Men are more likely than women to chat with friends over the phone or send text messages to stay in touch, but women now rely on social media and emails to update each other on what’s going on in their lives, rather than engaging in conversation.
The stats emerged in a study of 2,000 Brits commissioned by new smartphone calling app, FooTalk.
Agony aunt and relationship psychologist, Susan Quilliam said:
”The classic joke is that it’s the girls who are on the phone for hours.
”But actually now it’s guys who are becoming bigger fans of the phone conversation – particularly if they want to be in touch with friends and family who’ve moved abroad, and they’re absolutely right to want that.
“Hearing someone’s voice is a far richer experience than simply seeing words on screen. You get to not only learn more about what the other person’s thinking and feeling, but they get to learn more about you.
”Add to that the fact that calls are fully and instantly responsive, immediate and interactive. If you talk to someone on the phone, you’re fully focused on each other, minute to minute. It’s a way of connecting with someone and sharing their ordinary daily life – even if they’re far away.”
The study also looked in depth at how we speak to friends and relatives living overseas- seven in ten Brits now know someone who is living outside of the UK, with Australia, the USA and Canada the most common.
One in ten Brits even say they know people in at least five different countries across the world, and while women make an average of just one call to friends abroad each week, lasting 22 minutes, men will reach 40 minutes, speaking to two of their friends overseas.
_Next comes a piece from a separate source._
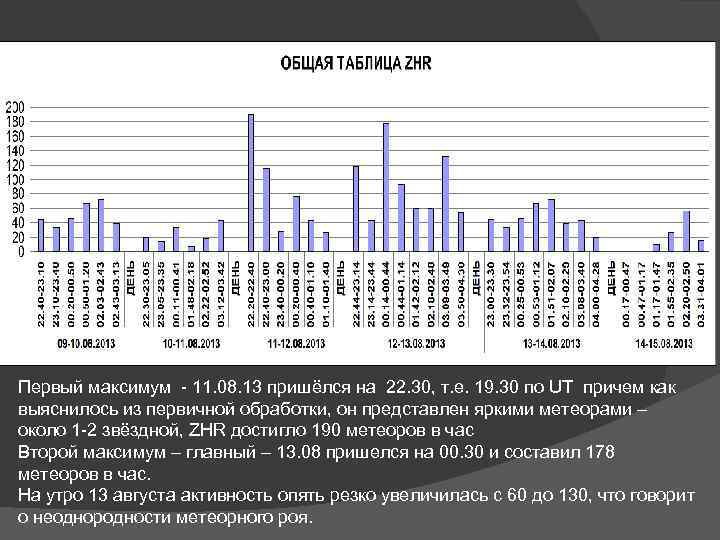 Первый максимум - 11. 08. 13 пришёлся на 22. 30, т. е. 19. 30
Females will send around five text messages to pals abroad each week, while men send eight.
More than a third of men even admitted they have friends living abroad who they speak to more than people they know in the UK.
Researchers also found that 44% of Brits admit they sometimes avoid talking to their friends and relatives abroad because of the high call charges, while a further 12% hate having to arrange a time to video call or phone to fit in around personal schedules and time differences.
Social networking sites have also led to 36% of people getting back in touch with people who have moved abroad, after thinking they would never speak to them again.
Graeme Hutchison, former sales and marketing chief and founding management team member of Virgin Mobile, who is co-founder of FooTalk said:
”We know that people are travelling the world more than ever and international borders are no barrier to staying in touch. However soaring call rates, inaccessibility and difficulty of use of alternatives are.
”Facebook and Twitter might keep you abreast of your friends’ lives but there’s always more to be had from a conversation – even if the other person is in a different country.”
Nine in ten Brits reckon it’s easier than ever to contact friends and family living abroad, with email named as the most popular way to stay in touch, followed by social networking sites and phone calls.
Text messaging, letters, video calls and instant messaging were listed as other ways to keep up with foreign friends.